The newly created National Egg Processing Center is a joint effort involving scientists at Auburn University, Clemson University, North Carolina State University, Purdue University, the University of Georgia, the University of Arkansas and the Egg Safety and Quality Research Unit of the U.S. Department of Agriculture's Agricultural Research Service in Athens, Ga.
Through this collaboration, the center will leverage egg-related research and outreach programs at each of the partner institutions, drawing on the different strengths and areas of expertise each has that are critical to sustaining the nation's egg industry.
"A university-based center can provide the expertise to address emerging issues, food safety and security threats," said center director and AU poultry science professor Patricia Curtis. "This center can help support the economically important egg industry while also ensuring that the eggs we rely on continue to be safe, healthful and delicious."
Auburn University proved to be an ideal location for the multidisciplinary center, in part because Alabama is a hub of poultry production but also because of the egg expertise located at Auburn and its collaboration with other member institutions, said Curtis, adding that efforts are under way to identify and recruit world-class scientists to conduct applied research on a wide range of egg processing and production issues.

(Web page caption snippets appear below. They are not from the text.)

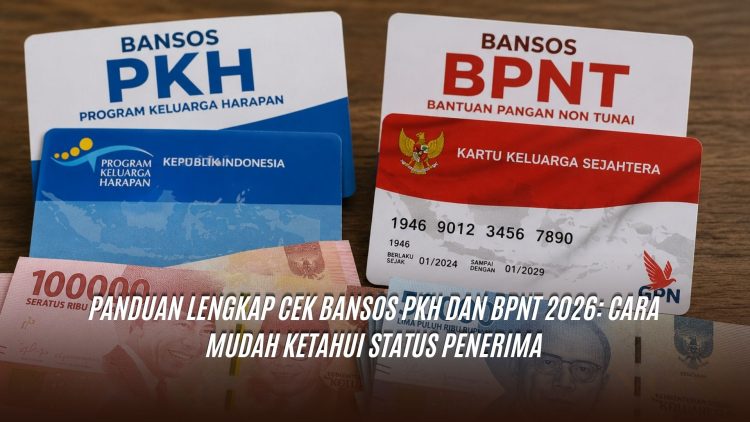 Panduan Lengkap Cek Bansos PKH dan BPNT 2026: Cara Mudah Ketahui Status Penerima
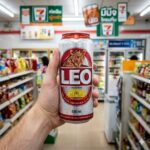 Where to Buy the 7-Eleven Thailand Magnet (The Truth Revealed) A 490ml can of Leo Beer from a 7-Eleven store in Thailand.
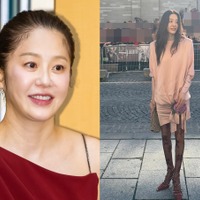 「骨のように細い」と心配の声も…韓国女優、痩せた近影への反応を意識か　食事姿を公開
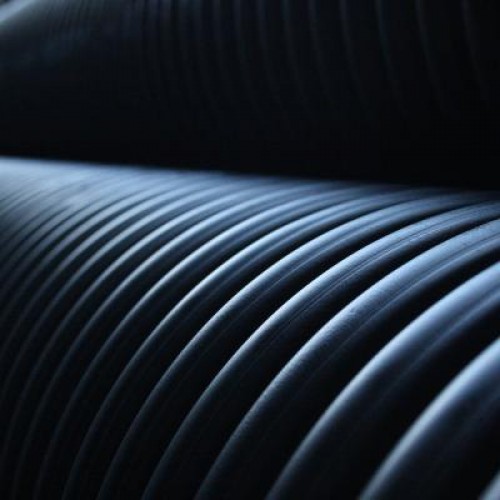 teava canalizare corugata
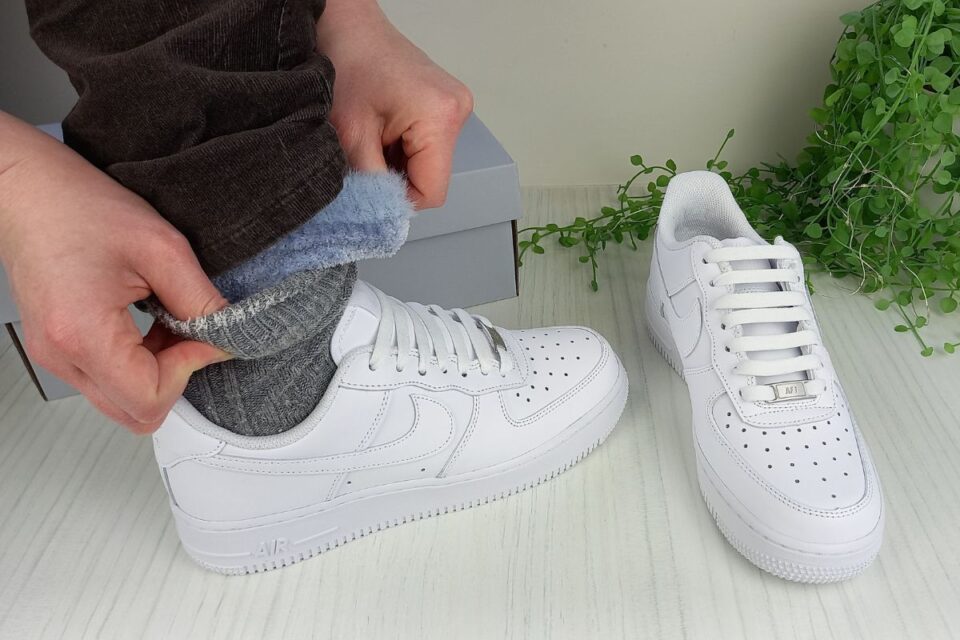 How To Break In Air Force 1s FAST (7 Ways) - Wearably Weird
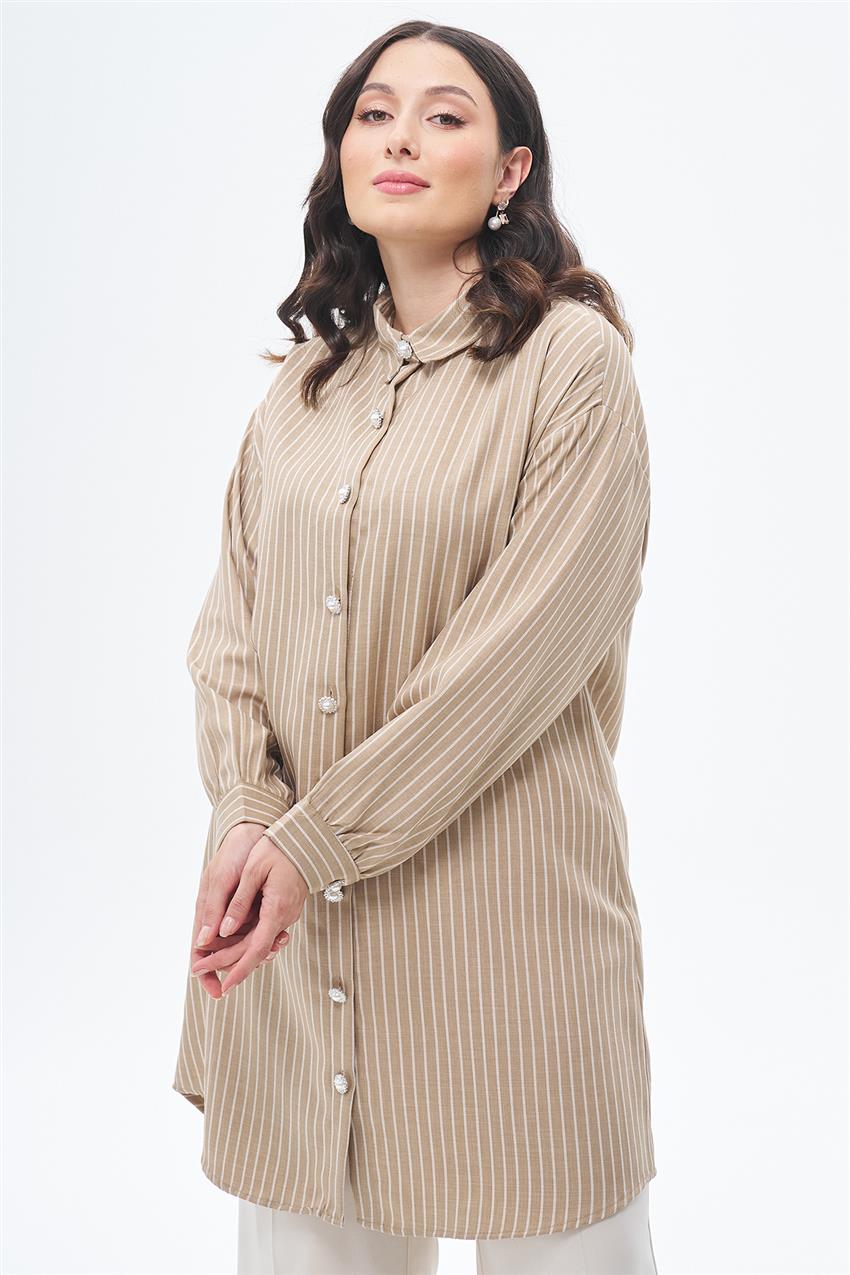 Tunic-Beige N-3140-11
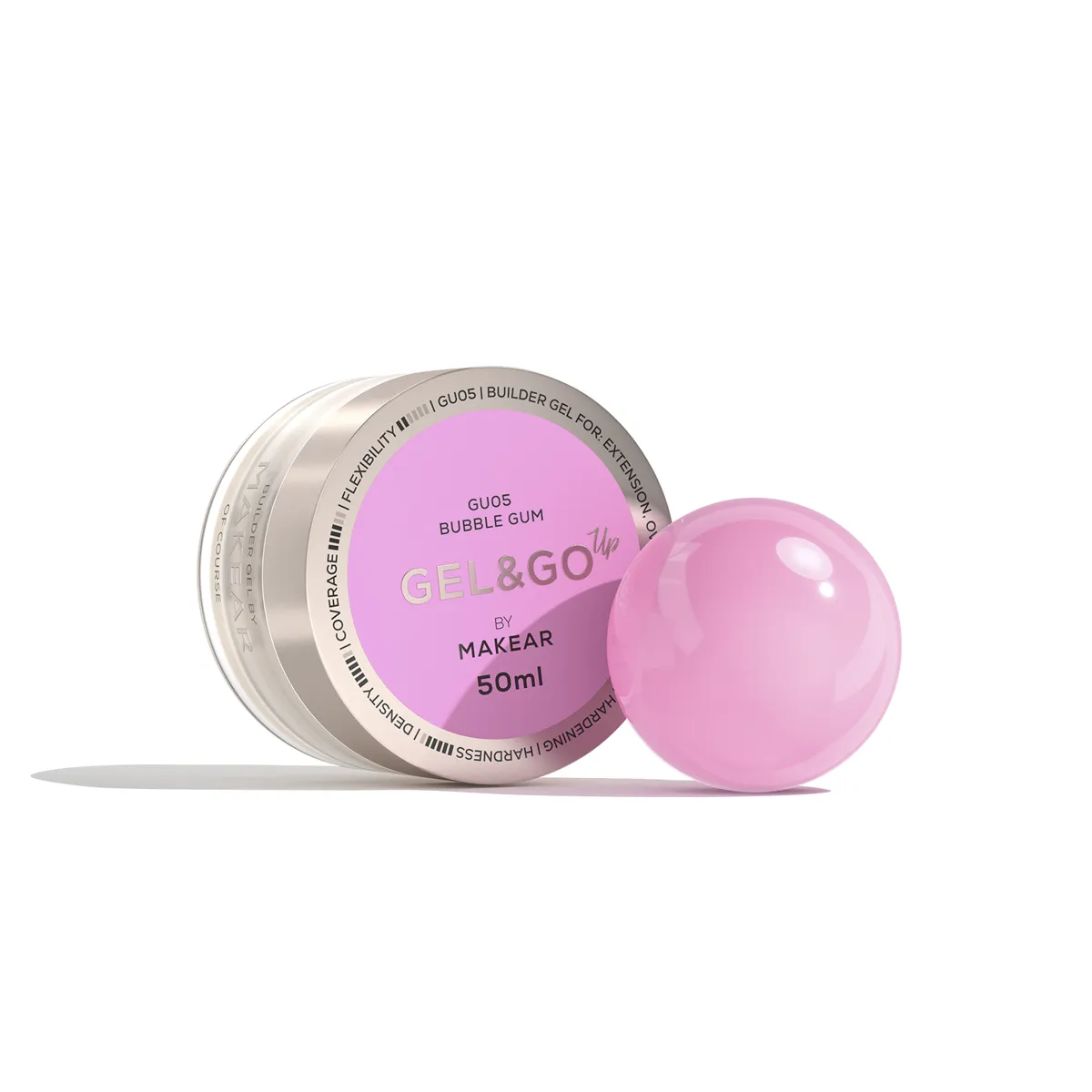 Gel & Go UP GU05 Bubble Gum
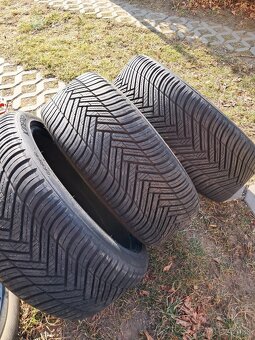 3ks Hankook 215/40/r17 celoročné - 2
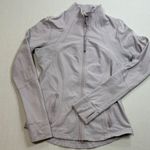 Lululemon  Athletica Light Gray Utility Jacket Photo 0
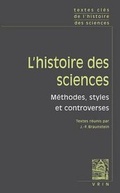 Cover: Textes Cles de l'Histoire Des Sciences - Librarie Philosophique J. Vrin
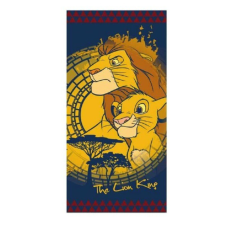 Disney Az oroszlánkirály Legacy fürdőlepedő, strand törölköző 70x140cm (Fast Dry) lakástextília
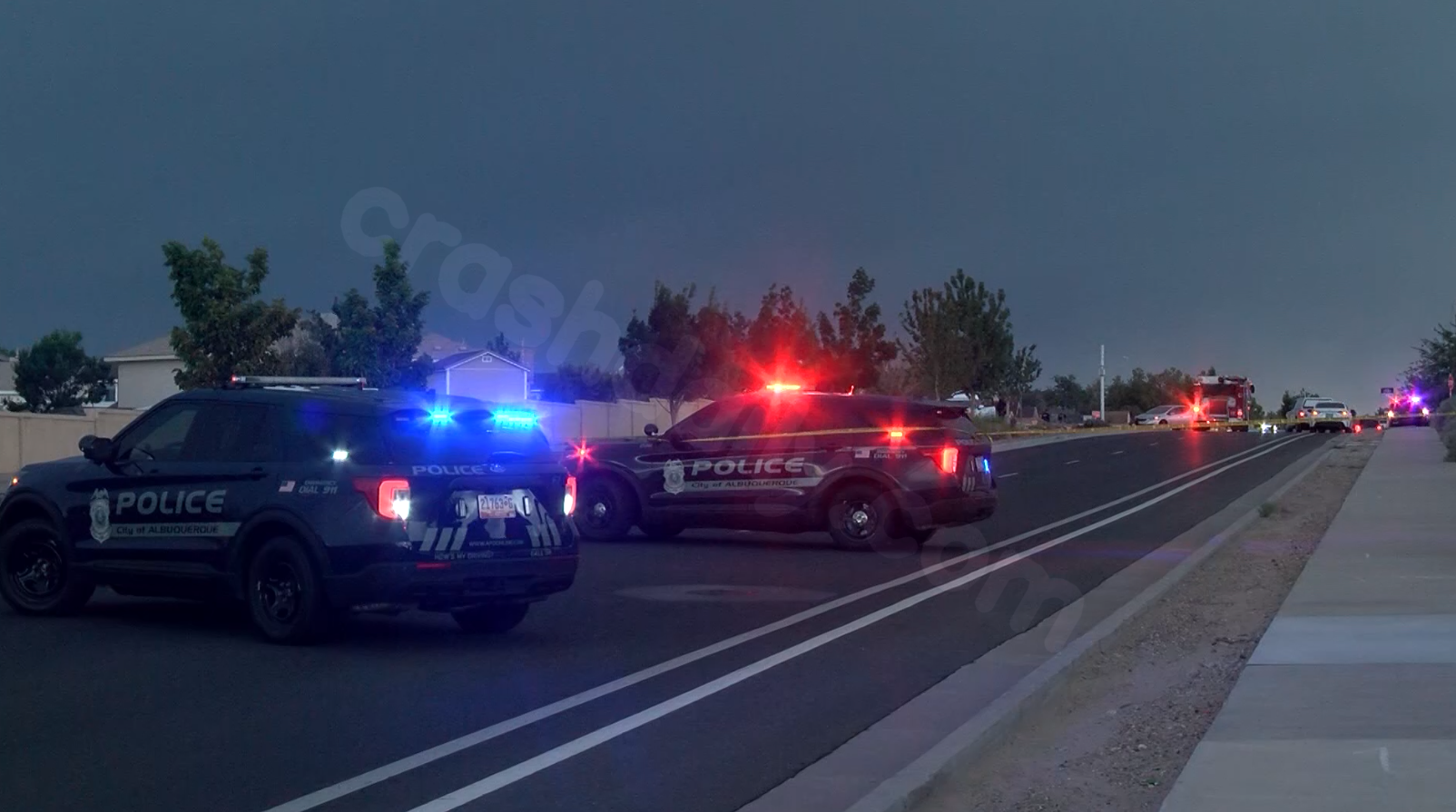 Fatal crash in northwest Albuquerque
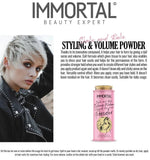 Volume and Styling Mattifying Hair Powder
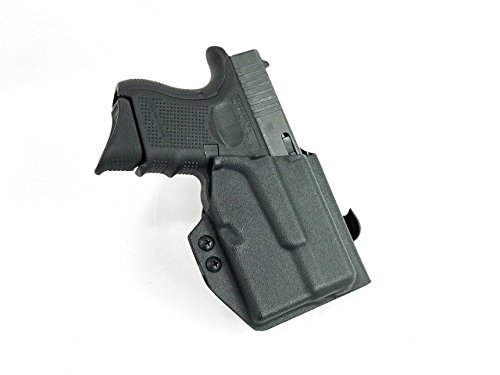 Priority 1 Holsters Glock 26 / 27 / 33 with Streamlight TLR-6 ( TLR6 )Right Handed Paddle Outside the Waistband Holster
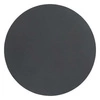 Šedá kulatá prostírka pod talíř PVC Tenor 38 cm do kuchyně a jídelny 5five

Amid soaring production costs and a woeful economy, the egg industry's need for such a center has never been greater. The center's scientists will work to enhance efficiency, safety and quality of shell eggs and egg products, provide educational training programs and customized workshops focused on egg-related topics and provide additional egg-related courses in agricultural college curriculum.
"Keeping the egg industry competitive and productive in this global economy will help sustain and possibly improve the economic well-being of egg-producing states and also ensure that consumers worldwide continue to have access to safe, healthy and affordable eggs and egg products," said Curtis.
Specific research-related issues that the center will address in the next 12 to 24 months include evaluating the feasibility of using cold water to wash shell eggs, determining the impact of specific added ingredients on the pasteurization temperature of liquid eggs and identifying production-related factors that impact egg functionality.
In addition to research, the center plans to maintain an extensive Web-based technological information resource for the industry and provide a national clearinghouse and repository for advanced egg technology. It also will provide direct, on-going education through industry-targeted short courses, Webinars and seminars; develop and disseminate technical literature; and work to expand and increase partnerships and relationships with industry, government and other universities.
An Egg Advisory Council, made up of egg company and allied industry representatives will identify critical issues that the center's research, outreach and teaching efforts should address.